Problem description
All of the data is to be repeated verbatim.

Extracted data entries
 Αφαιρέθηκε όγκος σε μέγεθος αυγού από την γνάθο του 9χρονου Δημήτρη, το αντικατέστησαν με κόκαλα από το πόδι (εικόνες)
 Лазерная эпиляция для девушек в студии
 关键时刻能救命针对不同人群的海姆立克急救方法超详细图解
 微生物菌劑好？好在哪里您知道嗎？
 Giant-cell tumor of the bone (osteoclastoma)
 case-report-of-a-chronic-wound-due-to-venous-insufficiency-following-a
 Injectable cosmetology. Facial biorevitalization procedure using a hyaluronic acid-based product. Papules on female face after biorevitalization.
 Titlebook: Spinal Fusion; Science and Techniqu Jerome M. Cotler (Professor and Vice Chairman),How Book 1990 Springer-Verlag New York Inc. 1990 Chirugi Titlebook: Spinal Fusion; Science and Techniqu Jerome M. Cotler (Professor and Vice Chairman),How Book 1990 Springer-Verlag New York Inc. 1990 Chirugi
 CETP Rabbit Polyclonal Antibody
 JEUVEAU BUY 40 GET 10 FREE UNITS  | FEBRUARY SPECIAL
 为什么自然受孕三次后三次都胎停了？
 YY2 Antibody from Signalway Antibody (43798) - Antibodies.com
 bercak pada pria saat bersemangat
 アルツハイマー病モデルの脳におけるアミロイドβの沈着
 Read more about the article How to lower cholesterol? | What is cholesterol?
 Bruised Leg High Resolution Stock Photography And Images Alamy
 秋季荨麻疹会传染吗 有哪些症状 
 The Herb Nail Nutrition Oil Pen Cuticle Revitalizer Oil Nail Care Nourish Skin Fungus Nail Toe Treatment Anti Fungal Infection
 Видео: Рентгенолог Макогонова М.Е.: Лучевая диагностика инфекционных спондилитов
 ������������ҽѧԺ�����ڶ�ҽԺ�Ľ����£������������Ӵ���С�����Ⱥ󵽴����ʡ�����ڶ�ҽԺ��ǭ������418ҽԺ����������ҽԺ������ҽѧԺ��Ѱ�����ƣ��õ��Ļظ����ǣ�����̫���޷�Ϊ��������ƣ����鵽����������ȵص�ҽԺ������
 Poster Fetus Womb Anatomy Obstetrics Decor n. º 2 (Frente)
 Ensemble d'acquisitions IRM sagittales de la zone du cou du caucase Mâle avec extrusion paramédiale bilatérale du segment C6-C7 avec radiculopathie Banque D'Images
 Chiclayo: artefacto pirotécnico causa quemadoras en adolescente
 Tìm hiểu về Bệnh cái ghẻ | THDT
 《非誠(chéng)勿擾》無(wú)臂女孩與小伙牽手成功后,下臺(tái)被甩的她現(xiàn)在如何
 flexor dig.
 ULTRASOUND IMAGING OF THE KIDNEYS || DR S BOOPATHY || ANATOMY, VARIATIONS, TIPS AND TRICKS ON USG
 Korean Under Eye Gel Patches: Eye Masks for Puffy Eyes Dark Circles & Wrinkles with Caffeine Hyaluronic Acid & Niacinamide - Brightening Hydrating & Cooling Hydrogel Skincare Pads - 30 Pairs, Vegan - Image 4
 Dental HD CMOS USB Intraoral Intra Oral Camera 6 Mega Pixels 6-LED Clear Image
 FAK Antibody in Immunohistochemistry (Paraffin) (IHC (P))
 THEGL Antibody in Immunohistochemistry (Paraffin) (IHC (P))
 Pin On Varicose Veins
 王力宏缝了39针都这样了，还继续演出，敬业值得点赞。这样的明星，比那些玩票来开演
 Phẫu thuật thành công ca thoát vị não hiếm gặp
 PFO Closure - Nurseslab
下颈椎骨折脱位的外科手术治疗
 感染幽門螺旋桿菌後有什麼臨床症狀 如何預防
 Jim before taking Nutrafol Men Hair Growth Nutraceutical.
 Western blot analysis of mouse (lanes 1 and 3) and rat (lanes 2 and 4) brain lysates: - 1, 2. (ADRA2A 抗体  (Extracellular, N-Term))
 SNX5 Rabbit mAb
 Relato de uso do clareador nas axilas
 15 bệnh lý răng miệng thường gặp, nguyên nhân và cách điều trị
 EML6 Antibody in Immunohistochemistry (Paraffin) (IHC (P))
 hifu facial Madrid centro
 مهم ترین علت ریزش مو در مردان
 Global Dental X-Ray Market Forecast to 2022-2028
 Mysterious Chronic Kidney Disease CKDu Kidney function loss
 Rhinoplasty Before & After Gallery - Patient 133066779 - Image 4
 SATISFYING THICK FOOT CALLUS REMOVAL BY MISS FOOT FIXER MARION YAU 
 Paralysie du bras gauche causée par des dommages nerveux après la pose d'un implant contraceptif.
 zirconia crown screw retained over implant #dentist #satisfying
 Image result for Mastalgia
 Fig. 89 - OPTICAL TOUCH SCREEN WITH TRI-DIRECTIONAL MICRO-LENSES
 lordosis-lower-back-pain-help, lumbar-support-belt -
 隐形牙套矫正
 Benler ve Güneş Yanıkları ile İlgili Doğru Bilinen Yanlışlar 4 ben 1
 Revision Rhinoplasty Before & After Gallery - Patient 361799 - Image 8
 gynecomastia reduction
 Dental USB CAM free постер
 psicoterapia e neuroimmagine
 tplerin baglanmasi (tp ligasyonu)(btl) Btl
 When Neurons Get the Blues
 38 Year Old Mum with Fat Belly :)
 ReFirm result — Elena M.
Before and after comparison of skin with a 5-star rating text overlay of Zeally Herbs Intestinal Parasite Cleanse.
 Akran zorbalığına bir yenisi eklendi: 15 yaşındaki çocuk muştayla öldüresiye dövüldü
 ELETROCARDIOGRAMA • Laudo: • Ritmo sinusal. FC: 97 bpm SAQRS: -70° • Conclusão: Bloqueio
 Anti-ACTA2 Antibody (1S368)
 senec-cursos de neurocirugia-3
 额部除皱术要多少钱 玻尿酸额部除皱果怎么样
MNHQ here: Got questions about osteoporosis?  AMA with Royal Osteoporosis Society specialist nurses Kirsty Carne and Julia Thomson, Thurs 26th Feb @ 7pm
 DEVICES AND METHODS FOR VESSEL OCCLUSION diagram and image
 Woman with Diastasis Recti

Solution to this exercise
 Αφαιρέθηκε όγκος σε μέγεθος αυγού από την γνάθο του 9χρονου Δημήτρη, το αντικατέστησαν με κόκαλα από το πόδι (εικόνες)
 Лазерная эпиляция для девушек в студии
 关键时刻能救命针对不同人群的海姆立克急救方法超详细图解
 微生物菌劑好？好在哪里您知道嗎？
 Giant-cell tumor of the bone (osteoclastoma)
 case-report-of-a-chronic-wound-due-to-venous-insufficiency-following-a
 Injectable cosmetology. Facial biorevitalization procedure using a hyaluronic acid-based product. Papules on female face after biorevitalization.
 Titlebook: Spinal Fusion; Science and Techniqu Jerome M. Cotler (Professor and Vice Chairman),How Book 1990 Springer-Verlag New York Inc. 1990 Chirugi Titlebook: Spinal Fusion; Science and Techniqu Jerome M. Cotler (Professor and Vice Chairman),How Book 1990 Springer-Verlag New York Inc. 1990 Chirugi
 CETP Rabbit Polyclonal Antibody
 JEUVEAU BUY 40 GET 10 FREE UNITS  | FEBRUARY SPECIAL
 为什么自然受孕三次后三次都胎停了？
 YY2 Antibody from Signalway Antibody (43798) - Antibodies.com
 bercak pada pria saat bersemangat
 アルツハイマー病モデルの脳におけるアミロイドβの沈着
 Read more about the article How to lower cholesterol? | What is cholesterol?
 Bruised Leg High Resolution Stock Photography And Images Alamy
 秋季荨麻疹会传染吗 有哪些症状 
 The Herb Nail Nutrition Oil Pen Cuticle Revitalizer Oil Nail Care Nourish Skin Fungus Nail Toe Treatment Anti Fungal Infection
 Видео: Рентгенолог Макогонова М.Е.: Лучевая диагностика инфекционных спондилитов
 ������������ҽѧԺ�����ڶ�ҽԺ�Ľ����£������������Ӵ���С�����Ⱥ󵽴����ʡ�����ڶ�ҽԺ��ǭ������418ҽԺ����������ҽԺ������ҽѧԺ��Ѱ�����ƣ��õ��Ļظ����ǣ�����̫���޷�Ϊ��������ƣ����鵽����������ȵص�ҽԺ������
 Poster Fetus Womb Anatomy Obstetrics Decor n. º 2 (Frente)
 Ensemble d'acquisitions IRM sagittales de la zone du cou du caucase Mâle avec extrusion paramédiale bilatérale du segment C6-C7 avec radiculopathie Banque D'Images
 Chiclayo: artefacto pirotécnico causa quemadoras en adolescente
 Tìm hiểu về Bệnh cái ghẻ | THDT
 《非誠(chéng)勿擾》無(wú)臂女孩與小伙牽手成功后,下臺(tái)被甩的她現(xiàn)在如何
 flexor dig.
 ULTRASOUND IMAGING OF THE KIDNEYS || DR S BOOPATHY || ANATOMY, VARIATIONS, TIPS AND TRICKS ON USG
 Korean Under Eye Gel Patches: Eye Masks for Puffy Eyes Dark Circles & Wrinkles with Caffeine Hyaluronic Acid & Niacinamide - Brightening Hydrating & Cooling Hydrogel Skincare Pads - 30 Pairs, Vegan - Image 4
 Dental HD CMOS USB Intraoral Intra Oral Camera 6 Mega Pixels 6-LED Clear Image
 FAK Antibody in Immunohistochemistry (Paraffin) (IHC (P))
 THEGL Antibody in Immunohistochemistry (Paraffin) (IHC (P))
 Pin On Varicose Veins
 王力宏缝了39针都这样了，还继续演出，敬业值得点赞。这样的明星，比那些玩票来开演
 Phẫu thuật thành công ca thoát vị não hiếm gặp
 PFO Closure - Nurseslab
下颈椎骨折脱位的外科手术治疗
 感染幽門螺旋桿菌後有什麼臨床症狀 如何預防
 Jim before taking Nutrafol Men Hair Growth Nutraceutical.
 Western blot analysis of mouse (lanes 1 and 3) and rat (lanes 2 and 4) brain lysates: - 1, 2. (ADRA2A 抗体  (Extracellular, N-Term))
 SNX5 Rabbit mAb
 Relato de uso do clareador nas axilas
 15 bệnh lý răng miệng thường gặp, nguyên nhân và cách điều trị
 EML6 Antibody in Immunohistochemistry (Paraffin) (IHC (P))
 hifu facial Madrid centro
 مهم ترین علت ریزش مو در مردان
 Global Dental X-Ray Market Forecast to 2022-2028
 Mysterious Chronic Kidney Disease CKDu Kidney function loss
 Rhinoplasty Before & After Gallery - Patient 133066779 - Image 4
 SATISFYING THICK FOOT CALLUS REMOVAL BY MISS FOOT FIXER MARION YAU 
 Paralysie du bras gauche causée par des dommages nerveux après la pose d'un implant contraceptif.
 zirconia crown screw retained over implant #dentist #satisfying
 Image result for Mastalgia
 Fig. 89 - OPTICAL TOUCH SCREEN WITH TRI-DIRECTIONAL MICRO-LENSES
 lordosis-lower-back-pain-help, lumbar-support-belt -
 隐形牙套矫正
 Benler ve Güneş Yanıkları ile İlgili Doğru Bilinen Yanlışlar 4 ben 1
 Revision Rhinoplasty Before & After Gallery - Patient 361799 - Image 8
 gynecomastia reduction
 Dental USB CAM free постер
 psicoterapia e neuroimmagine
 tplerin baglanmasi (tp ligasyonu)(btl) Btl
 When Neurons Get the Blues
 38 Year Old Mum with Fat Belly :)
 ReFirm result — Elena M.
Before and after comparison of skin with a 5-star rating text overlay of Zeally Herbs Intestinal Parasite Cleanse.
 Akran zorbalığına bir yenisi eklendi: 15 yaşındaki çocuk muştayla öldüresiye dövüldü
 ELETROCARDIOGRAMA • Laudo: • Ritmo sinusal. FC: 97 bpm SAQRS: -70° • Conclusão: Bloqueio
 Anti-ACTA2 Antibody (1S368)
 senec-cursos de neurocirugia-3
 额部除皱术要多少钱 玻尿酸额部除皱果怎么样
MNHQ here: Got questions about osteoporosis?  AMA with Royal Osteoporosis Society specialist nurses Kirsty Carne and Julia Thomson, Thurs 26th Feb @ 7pm
 DEVICES AND METHODS FOR VESSEL OCCLUSION diagram and image
 Woman with Diastasis Recti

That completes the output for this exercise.